Daredevil #1 - By Waid / Rivera / Martin
It isn't often that I will gush with praise over things (or at least I hope not), but I am going to give you an advanced warning: I will be doing so in this post. So if that sort of thing bothers you, turn away now (preferably to one of my other posts).
With that out of the way I can get to the business at hand - possibly the best produced comic book that I have read for some time. Before this issue was released much was made of the decision to return Daredevil to his superhero roots after years of his adventures being swathed in darkness and despair. This was certainly not a misrepresentation of the approach taken by Mark Waid to this issue - within the first few pages we are knee deep in swashbuckling superheroics, as the man without fear takes on classic Spider-Man villain the Spot. Right from the off Waid's writing bristles with enthusiasm, with Paolo Rivera as inventive as ever. He and Martin working in tandem are a supremely wise choice of artists, and do a sterling job illustrating Waid's witty script.
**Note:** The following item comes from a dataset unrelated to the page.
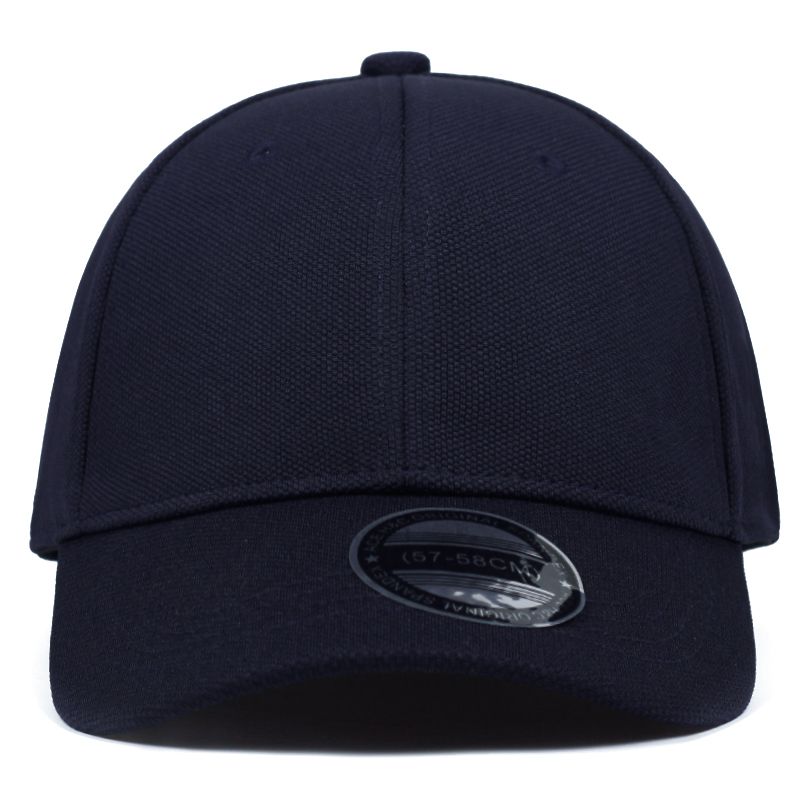 Casquettes de baseball Snapback de haute qualité pour hommes et femmes, casquette complète fermée et fermée, chapeau de camionneur Gorras Bone, 2024_voghion.com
Far from being solely focused on its action sequence this issue does a fine job of establishing the characters new status quo, one that I find immediately appealing after years of dark, angst ridden stories (not that a lot of them weren't enjoyable). While Matt Murdoch as a lawyer is far from a new development there is enough unique spin placed on it here to make it intriguing. The cliffhanger does not have me quite as excited as the rest of the issue but nonetheless I am curious to see where Waid takes it.
The back up story, far from being superfluous was very enjoyable, and benefited from superb art from Marcos Martin, who makes even the most mundane sounding action utterly engaging. While the plot is far from thrilling and little happens, it works well as a character piece and a good way of establishing Matt and Foggy's relationship.
As a series that I have eagerly anticipating since it was announced, it brings me great pleasure to recommend this issue more than any I have read for a long time. Yes, it is vastly different to how Daredevil has been portrayed in recent years but don't let this put you off - it actually fits the character more effectively than you might think. I would struggle to think of a better debut issue than this for quite a while, I just hope that the rest of the series can live up to my already lofty expectations.